Dataset records:
:::::

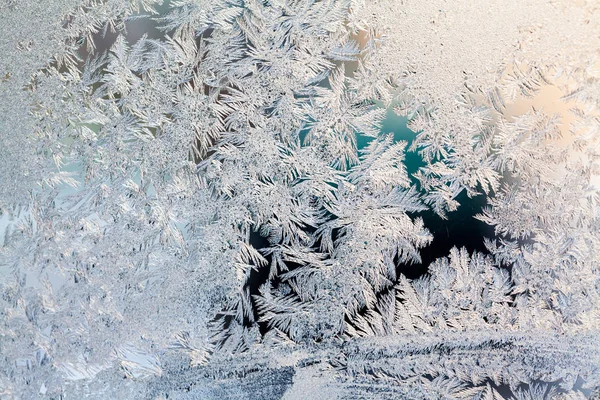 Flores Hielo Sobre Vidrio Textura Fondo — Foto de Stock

:::::

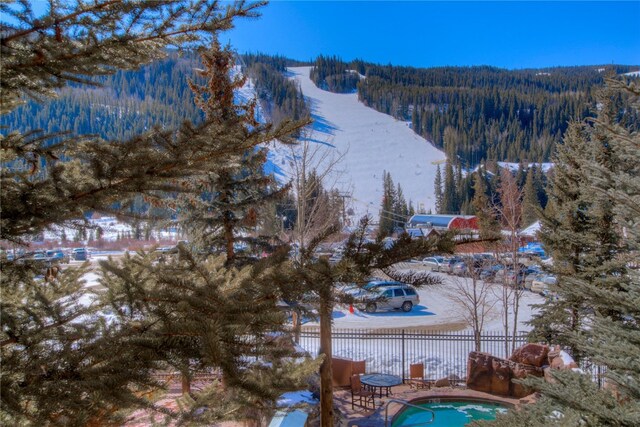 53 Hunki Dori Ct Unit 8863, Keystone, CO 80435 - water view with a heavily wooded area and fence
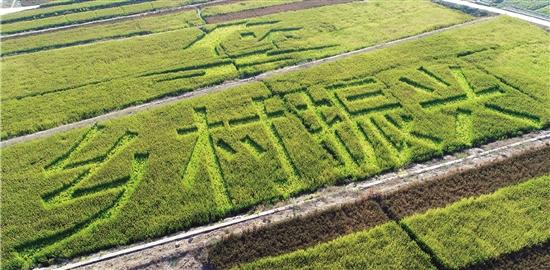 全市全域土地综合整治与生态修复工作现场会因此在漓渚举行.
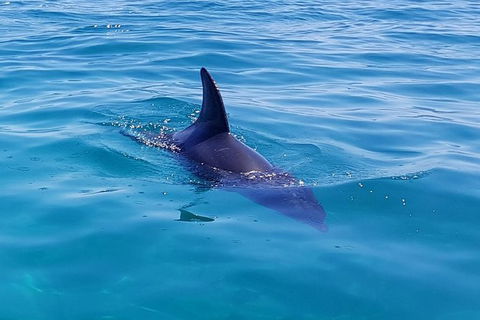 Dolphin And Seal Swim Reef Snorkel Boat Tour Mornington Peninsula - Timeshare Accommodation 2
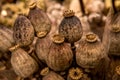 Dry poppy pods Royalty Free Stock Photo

:::::

Work to complete:
Write out again exactly the lines above from the one with "Dolphin And Seal" through the one with "Dry poppy pods Royalty Free Stock Photo", adding no other lines and no pictures.

The answer:
 Dolphin And Seal Swim Reef Snorkel Boat Tour Mornington Peninsula - Timeshare Accommodation 2
 Dry poppy pods Royalty Free Stock Photo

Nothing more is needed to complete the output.